Now time to spend my time on more interesting things.
However, in the interest of presenting a more formal piece of writing, I've submitted below a philosophical paper pertaining to definition of Love, which I wrote for an ethics class. Though not meant to explicitly be funny, I couldn't help but throw my two cents of satire and allusions. (I think it's fair to say I'm the only person who made a Family Guy reference in their presentation of a philosophical paper in the history of the world) That being said, if you have any interest, simply click below.
Awkwardly Yours,
The Teej
Always Love
I’d like to
start with a riddle. What has no condition
and has one condition? I’ll get to the
answer later. Humans have been plagued
with curiosity and driven to solve the many mysteries that surround our
creation and continued existence. It’s
likely through this process that we developed the everlasting fear of the
statement “I don’t know.” In a
countermeasure to this terror, many of us have chosen to throw the word “god”
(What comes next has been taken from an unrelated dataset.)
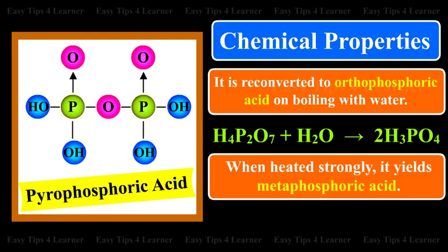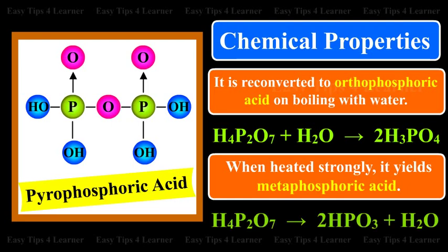When heated strongly, it yields Metaphosphoric Acid. H4P2O7 gives 2HPO3 plus H2O.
at the problem in attempts to sleep better at night. I’m here to state that there are aspects of
this world that we don’t have a definite answer to. Unfortunately, this essay sheds light on one
of those ambiguities.
Love, as
the Everly brothers put it, is strange.
We’re all bound to its luster, yet the question as to what it really
means to love a person is still left in ambiguity. What is love?
From a first glance it’s often described as emotion, but there appears
to be more to it than that. Love is a
conscious thought. We process love; it
isn’t instantaneous and it’s not a reaction.
Love is that feeling that you receive when you simply contemplate that
to that which you love; peaceful, alluring, and incompatible to anything else
in this world. Love provides us with
hope, another entity to which we require.
To go about loving someone goes beyond that which is physical.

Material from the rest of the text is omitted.